**DATASET CONTENT:**
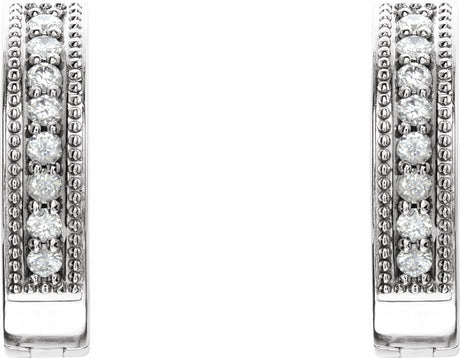 14K White Gold 1/8 CTW Natural Diamond 12.5 mm Hoop Earrings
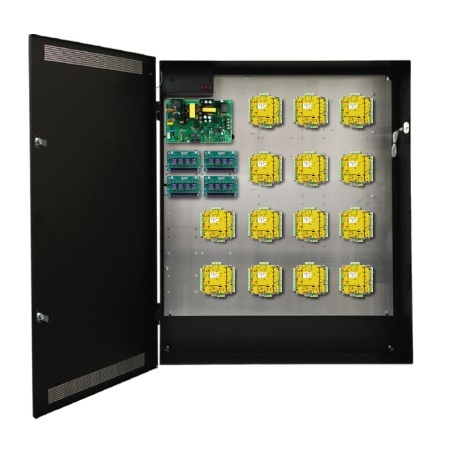 FPO250-4D8E8P LifeSafety Power Paxton 16 Door 20 Amp 12VDC 32 Auxiliary Distribution Outputs Access Control Power Supply in UL Listed Indoor 30" W x 36" H x 6.5" D Electrical Enclosure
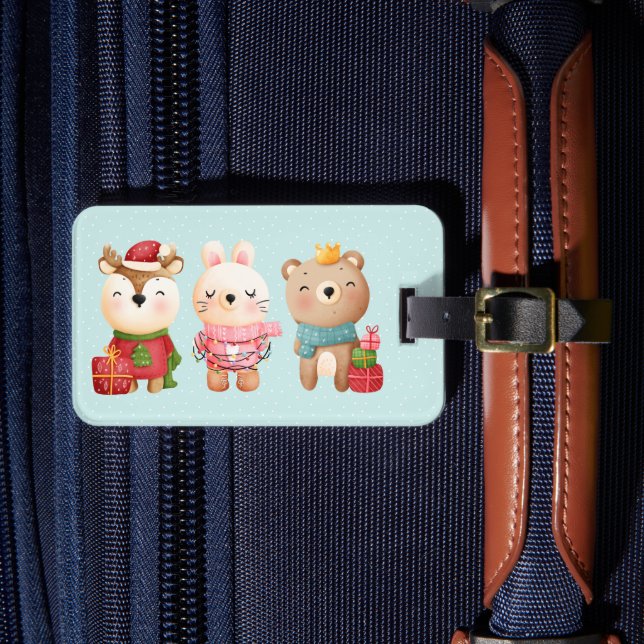 Etiqueta Para Maletas Navidades Pals: reno, oso y conejo (Anverso In situ 4)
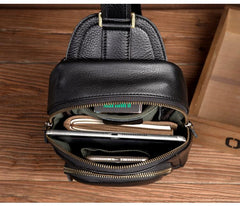 Black Leather Mens Cool Sling Bags Crossbody Pack Black One Shoulder Backpack Chest Bags for men - imessengerbags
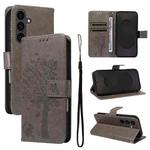 For Samsung Galaxy S25 FE 5G Tree & Cat Embossed Pattern Flip Leather Phone Case(Grey)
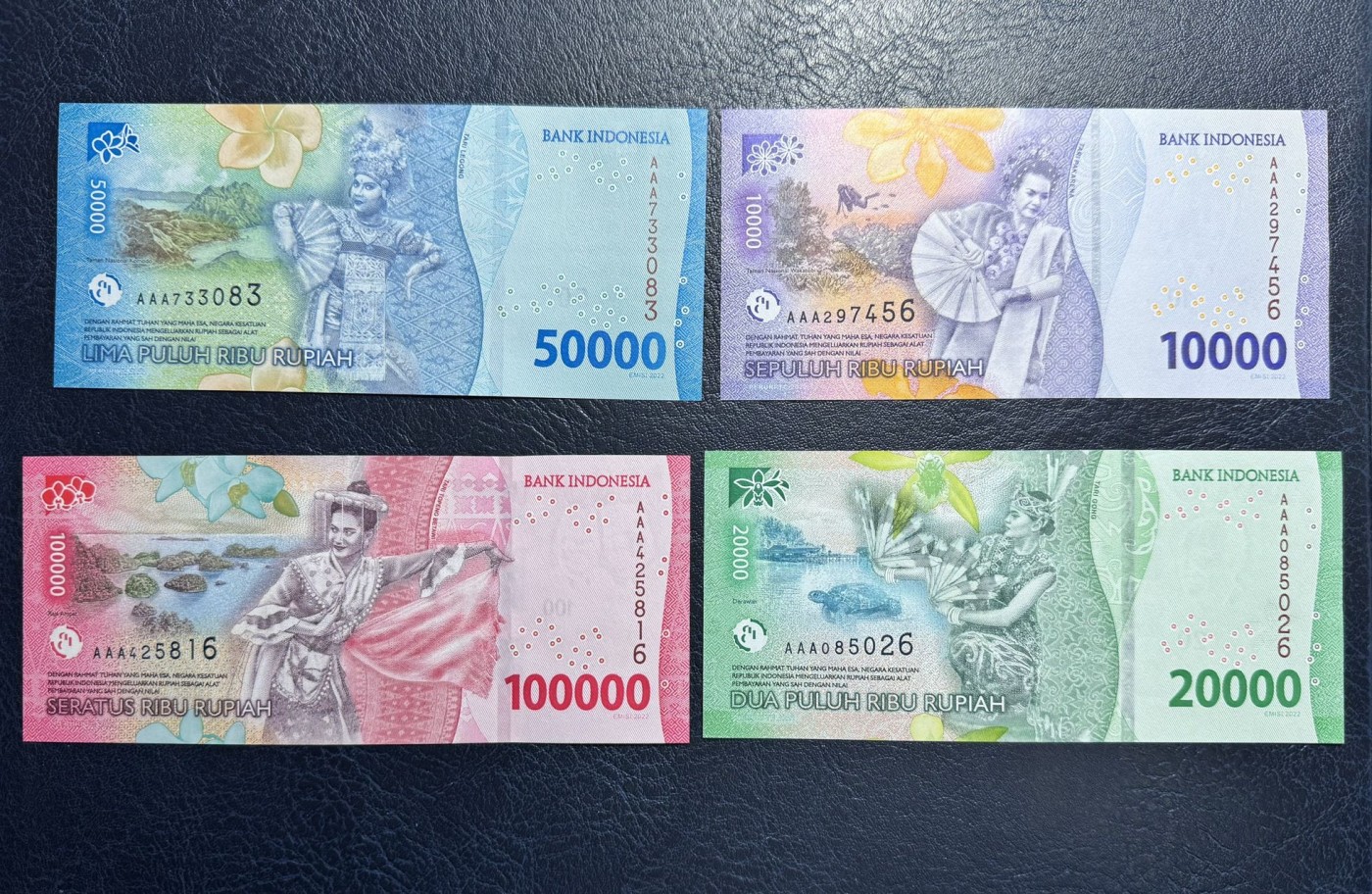 收藏联盟Quantum Auction 第329期拍卖  印度尼西亚2022年1000-100000卢比首发AAA冠一套 品相全新UNC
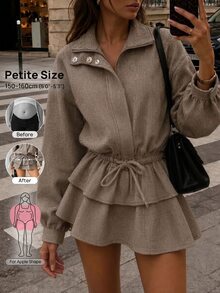 SHEIN PETITE 女款純色百褶休閒派對迷你洋裝 - 棕色 - 查看 1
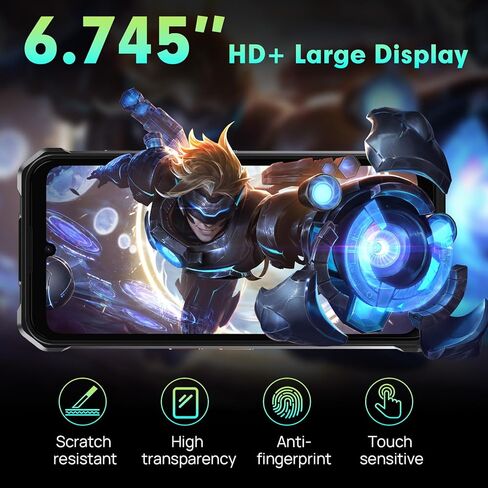 FOSSIBOT F110L 8GB+128GB +2TB هاتف اتصال متين غير مقفل، هاتف ذكي 10000 مللي أمبير في الساعة يعمل بنظام Android 15، هاتف بصوت عالٍ 128 ديسيبل، كاميرا 6.745 بوصة 50 ميجابكسل هاتف مقاوم للماء ثنائي شريحة الاتصال/إضاءة تخييم (2026 برتقالي) in Kuwait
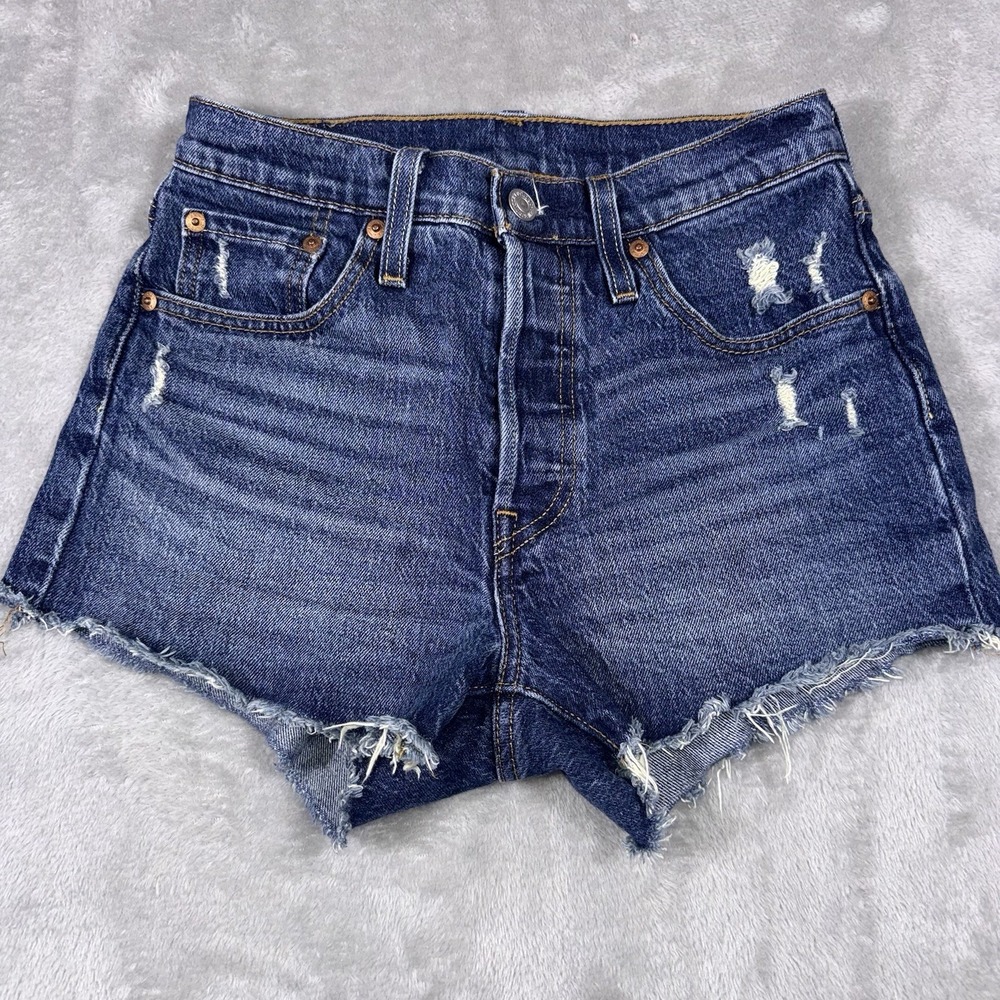 Levi's 501 Buttonfly Cut-off Distressed Women's‎ Denim Shorts Size 25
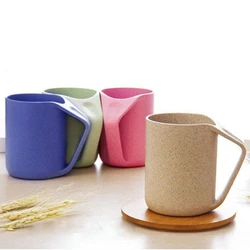 4 Colors Eco-friendly Healthy Wheat Straw Biodegradable Plastic Cup Mug for Kitchen Water Coffee Milk Juice Tea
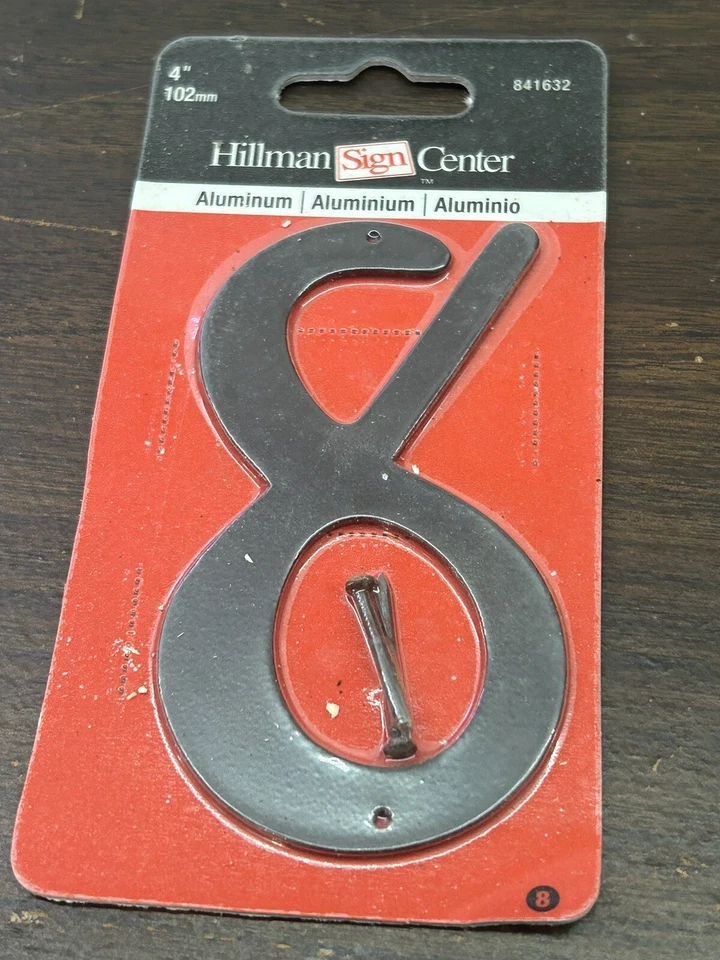 Casa de aluminio macizo negro de 4" número 8 ocho con clavos de montaje Foto 1 de 1
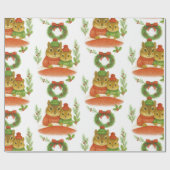 Cute Chipmunk with Pine Christmas Cadeaupapier (Vlak)
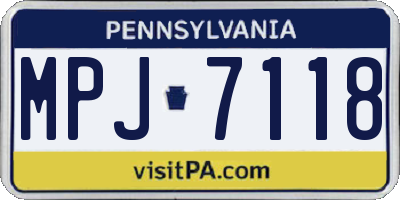 PA license plate MPJ7118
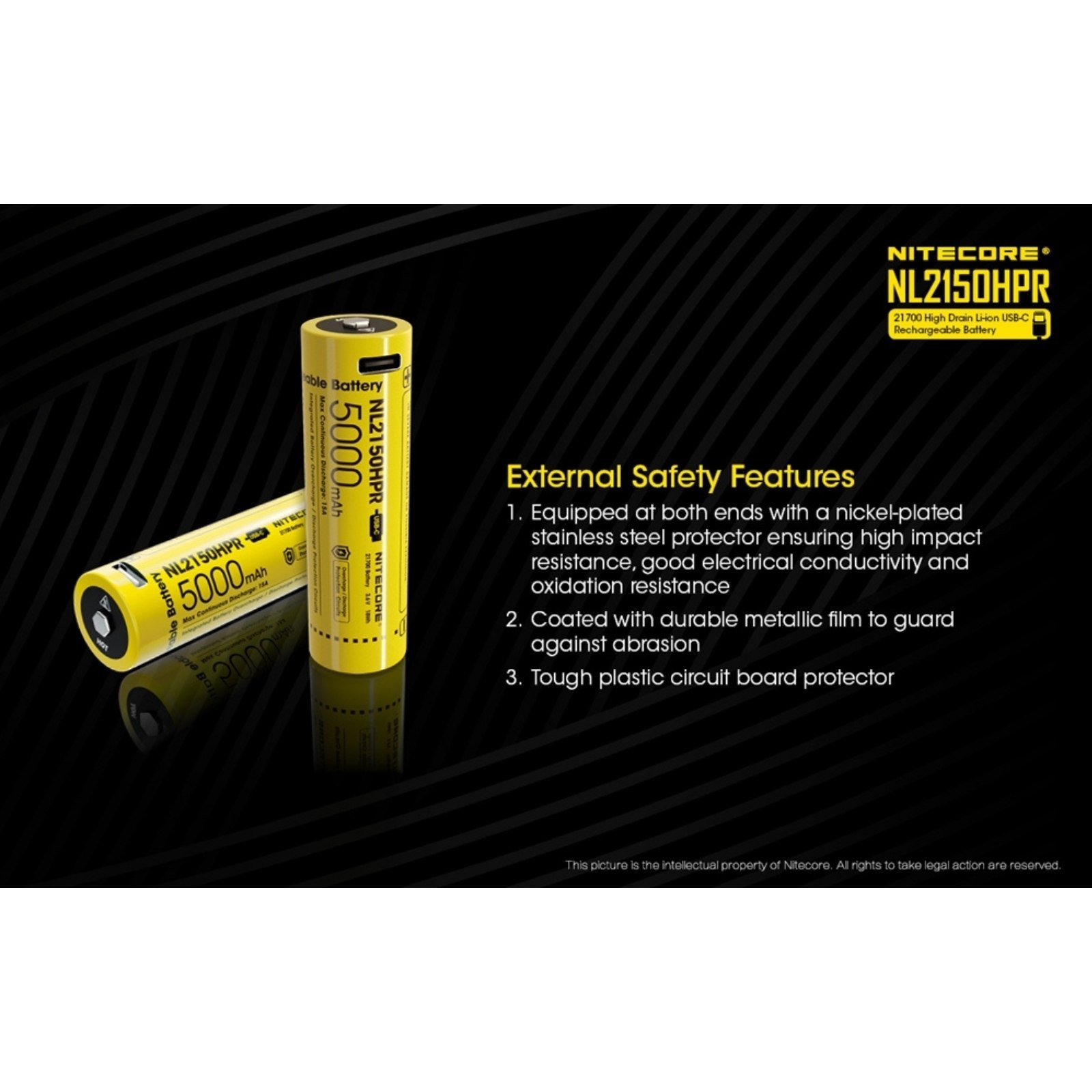 Nitecore NL2150HPR 5000mAh USB-C Rechargeable 21700 Battery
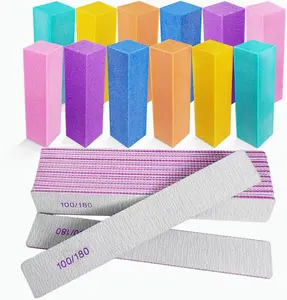 Nail Files and Buffers (24 Pack), Professional Manicure Tool 4 Sides 100/120/180 Grit Emery Board Sponge Buffing Buffers Blocks Gray Nail Care Gel Set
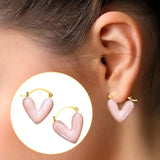 Maxbell Heart Shape Girls Earring Stud Drop Earrings Jewelry Lightweight Accessories Pink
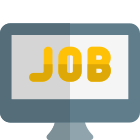 Searching for job seeking website on a desktop computer icon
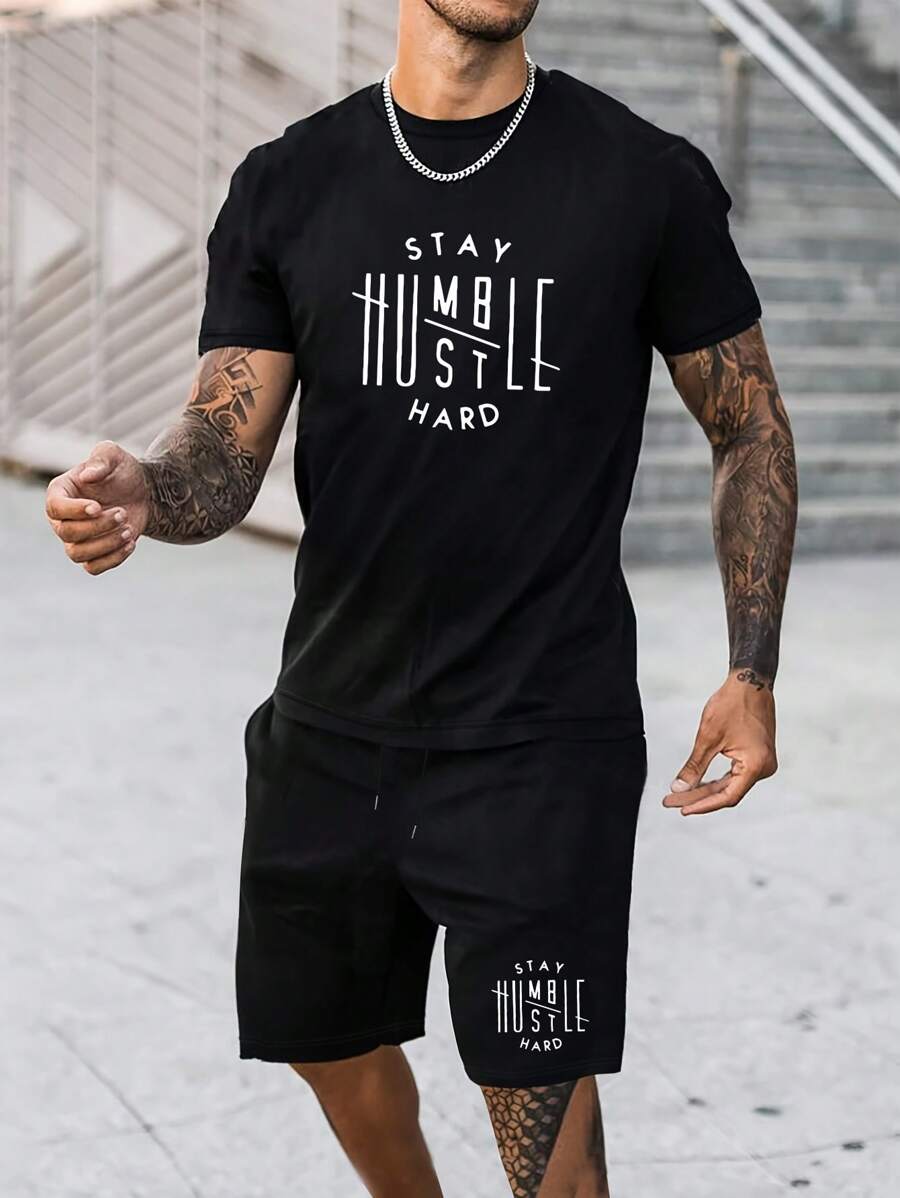 Men's Letter Printed T-Shirt And Drawstring Waist Shorts Set - Black - View 1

**TASK REQUIREMENTS:**
Set the records down again exactly, with no pictures.

**WRITTEN ANSWER:**
 14K White Gold 1/8 CTW Natural Diamond 12.5 mm Hoop Earrings
 FPO250-4D8E8P LifeSafety Power Paxton 16 Door 20 Amp 12VDC 32 Auxiliary Distribution Outputs Access Control Power Supply in UL Listed Indoor 30" W x 36" H x 6.5" D Electrical Enclosure
 Etiqueta Para Maletas Navidades Pals: reno, oso y conejo (Anverso In situ 4)
 Black Leather Mens Cool Sling Bags Crossbody Pack Black One Shoulder Backpack Chest Bags for men - imessengerbags
 For Samsung Galaxy S25 FE 5G Tree & Cat Embossed Pattern Flip Leather Phone Case(Grey)
 收藏联盟Quantum Auction 第329期拍卖  印度尼西亚2022年1000-100000卢比首发AAA冠一套 品相全新UNC
 SHEIN PETITE 女款純色百褶休閒派對迷你洋裝 - 棕色 - 查看 1
 FOSSIBOT F110L 8GB+128GB +2TB هاتف اتصال متين غير مقفل، هاتف ذكي 10000 مللي أمبير في الساعة يعمل بنظام Android 15، هاتف بصوت عالٍ 128 ديسيبل، كاميرا 6.745 بوصة 50 ميجابكسل هاتف مقاوم للماء ثنائي شريحة الاتصال/إضاءة تخييم (2026 برتقالي) in Kuwait
 Levi's 501 Buttonfly Cut-off Distressed Women's‎ Denim Shorts Size 25
 4 Colors Eco-friendly Healthy Wheat Straw Biodegradable Plastic Cup Mug for Kitchen Water Coffee Milk Juice Tea
 Casa de aluminio macizo negro de 4" número 8 ocho con clavos de montaje Foto 1 de 1
 Cute Chipmunk with Pine Christmas Cadeaupapier (Vlak)
 PA license plate MPJ7118
 Nitecore NL2150HPR 5000mAh USB-C Rechargeable 21700 Battery
 Nail Files and Buffers (24 Pack), Professional Manicure Tool 4 Sides 100/120/180 Grit Emery Board Sponge Buffing Buffers Blocks Gray Nail Care Gel Set
 Maxbell Heart Shape Girls Earring Stud Drop Earrings Jewelry Lightweight Accessories Pink
 Searching for job seeking website on a desktop computer icon
 Men's Letter Printed T-Shirt And Drawstring Waist Shorts Set - Black - View 1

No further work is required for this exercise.